Kalıcı bir barıştan yana olan solcuların ikna edilmesine gerek kalmıyordu. Onlar muhalefette de olsalar barış anlaşmalarına destek vermeye hazırlardı zaten. İkna edilmesi gereken sağcı tabandı ve bunu da ancak sağcı tavan yapabilirdi. Araplarla İsraillilerin bir masa etrafında oturdukları ve ilk defa soğuk da olsa bir barış anlaşmasını imzaladıkları tarih 17 Eylül 1979'dur. Jimmy Carter, eskinin teröristi, o zamanın İsrail başbakanı Menahem Begin'i Mısır'la kalıcı bir barışa ikna ettiğinde, ülkede ikna edilmesi gereken başka kimse kalmamıştı. Çünkü en zor ikna edilecek olanın bizzat Begin olduğunu herkes biliyordu.
Lübnan'la 1983 yılında geçici de olsa bir barış anlaşması imzalayan da, daha sonra Oslo Anlaşmaları'nın yolunu açacak olan 1991 Madrid Barış Görüşmeleri'ni başlatan da yine İngiliz Manda Yönetimi döneminde terörist olarak aranan Yitzhak Şamir'di. Şamir, Madrid adımını atmamış olsaydı, halefi Yitzhak Rabin'in Oslo görüşmelerini yapacak enerjisi de olamazdı, her iki Oslo anlaşmalarını imzalayacak desteği de.

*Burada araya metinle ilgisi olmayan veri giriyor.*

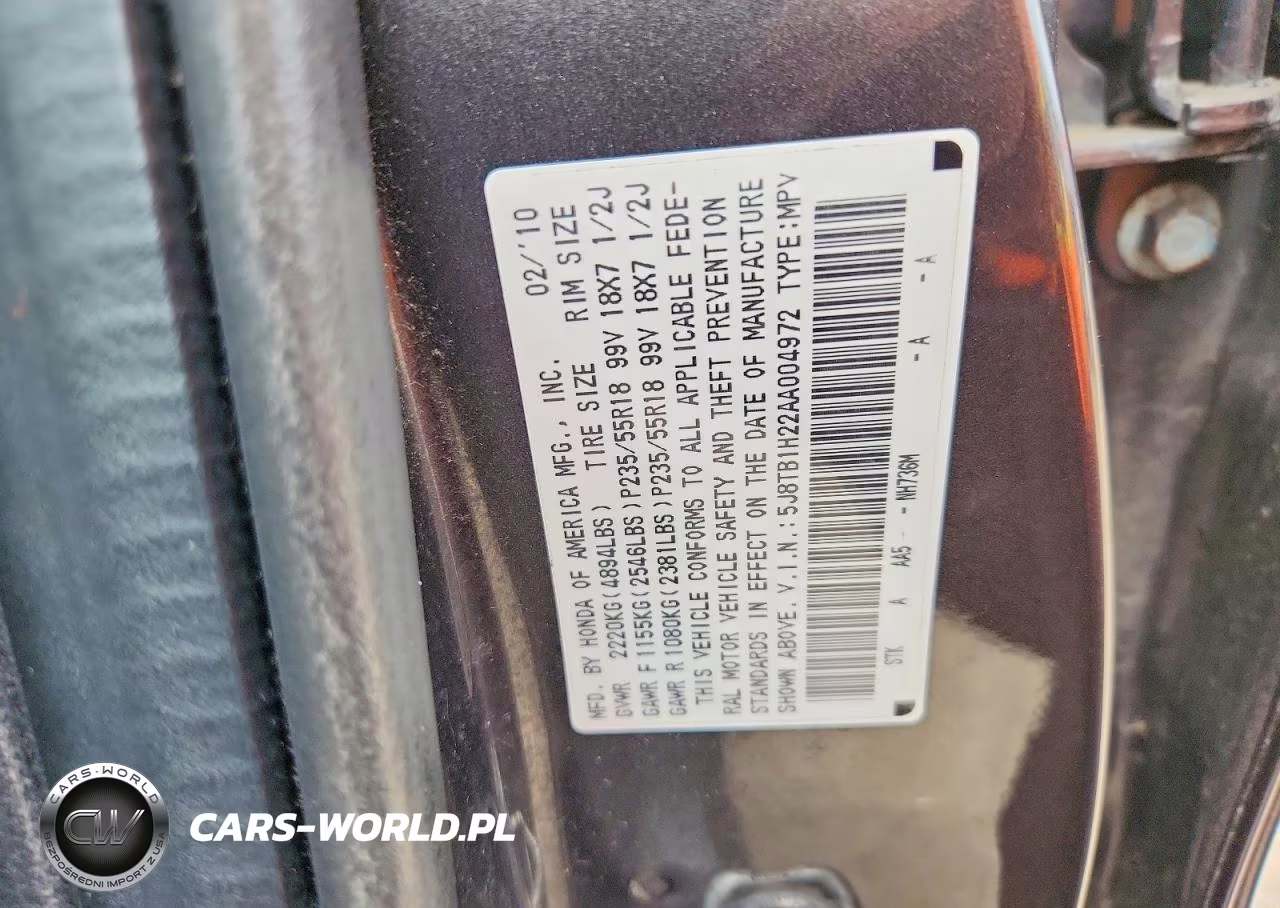 2010 Acura Rdx VIN:5J8TB1H22AA004972 - 12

Nitekim Begin ve Şamir verdikleri bütün tavizlere rağmen İsrail halkının nazarlarında "şahin politikacılar" olarak kaldılar. Buna karşılık Rabin, Oslo'da attığı imzanın bedelini hayatıyla ödedi. Ariel Şaron'un Gazze'den tek taraflı çekilme kararı da çok kötü bir adamın çok doğru bir kararıydı. Böylesi bir adımı Şaron'dan başka kimse atamazdı.
Şimdi Binyamin Netanyahu cesur bir şey yapıyor. Kimse Netanyahu'yu İsrail idealine ihanet etmekle, Kudüs'ü bölmeye kalkışmakla, yerleşimcileri sırtlarından bıçaklamakla suçlayamaz. Çünkü şahinliği müsellem bir politikacı o. Üstelik koalisyonunda Avigdor Lieberman gibi bir faşist ve Şas Partisi gibi radikal dindar söylemli bir parti bile var. Bu ikisini ikna etmiş bir Netanyahu'nun bütün İsrail'de ikna edemeyeceği daha kim olabilir?

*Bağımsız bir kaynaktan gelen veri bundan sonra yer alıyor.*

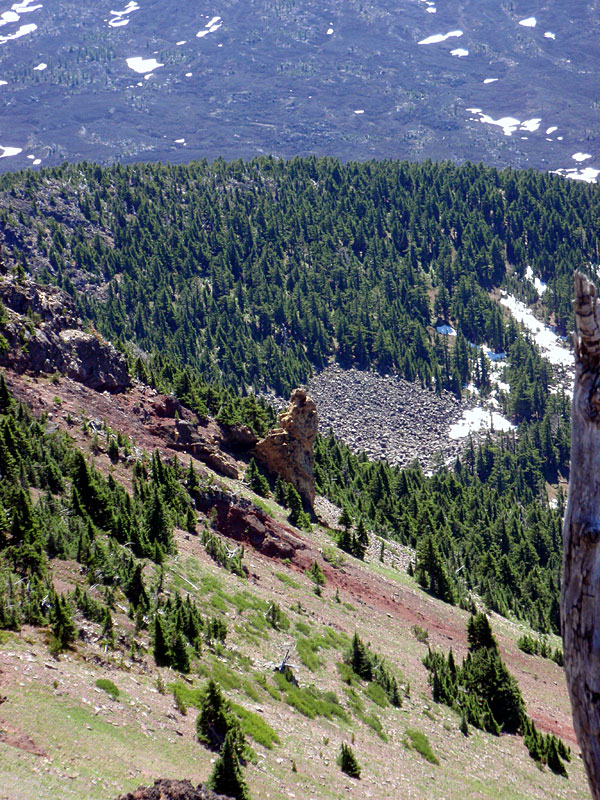 Gnome on the west side of the south ridge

Fakat Netanyahu iki noktada yanlış yapmakta ısrar ediyor. Birincisi meşruiyet zeminini yitirmiş Mahmud Abbas yönetimini tek muhatabı olarak kabul ederek Hamas'ı dışlayan bir süreç başlatmış olması. Hamas, barış görüşmelerine karşı değil, kendisini muhatap almayan bir sürece karşı. Bu karşıtlığını başlattığı saldırılarla ifade etmeye başladı bile. Yerleşimciler de karşı saldırılar düzenleyerek Netanyahu'nun başlatmış, Mahmud Abbas'ın da kabul etmiş olduğu nihai durum görüşmelerini baltalamak hususunda en büyük düşmanlarıyla işbirliği yapmış durumdalar.

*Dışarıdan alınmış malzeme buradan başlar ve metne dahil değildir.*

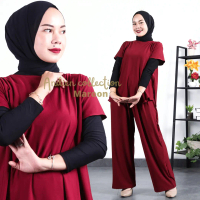 Andien collection- Almira setelan wanita Celana Kulot+atasan  Size Xxl cocok digunakan sehari-hari b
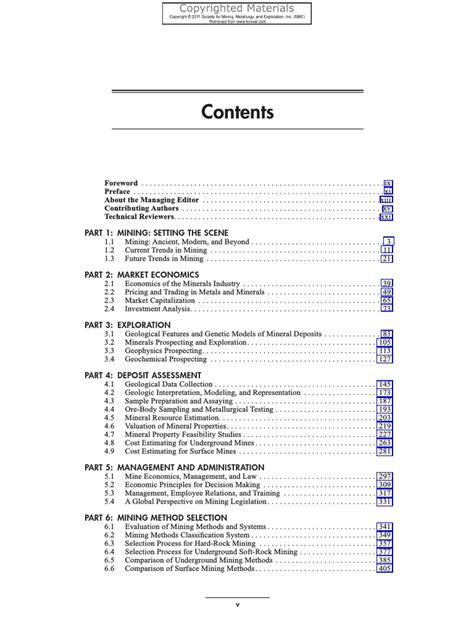 Mining Engineers Handbook Pdf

İkinci büyük yanlış, görüşmelerin daha ilk gününde Kudüs'ün nihai statüsünün gündeme getirilmesi... Bunu da 2001 yılında aynı yanlışı yaparak Taba Görüşmeleri'ni doğarken öldüren Ehud Barak yapıyor. Barak görüşmelerin hemen öncesinde Kudüs'ün bazı kesimlerini Filistin Otoritesi'ne devredebileceklerini ve kutsal mekanların da özel bir rejimle yönetilmesine razı olabileceklerini söylemek suretiyle hem Netanyahu'yu kendi sağcı tabanı karşısında zor durumda bıraktı hem de Abbas'ı Hamas muhalefeti karşısında. Taba Görüşmeleri'ni değerlendirirken Şimon Peres, "Ona [Barak'a] Kudüs meselesine hiç girmemesini söylemiştim." demişti. Hakikaten Kudüs gündeme gelmemiş olsaydı Taba Görüşmeleri'nde kalıcı bir barış anlaşması yapılmış olabilirdi. Ama Barak imkansızı başararak tarihe geçmek istiyordu.
Bugün Netanyahu hükümeti aynı imkansızı telaffuz ederek başlamış olan bir süreci idare etmeye çalışacak. Başarırsa biz de bütün dünya gibi alkışlayacağız onu. Ama iki yanlış adımla çıkılmış bu yolun sonuna ulaşmak imkan harici görülüyor.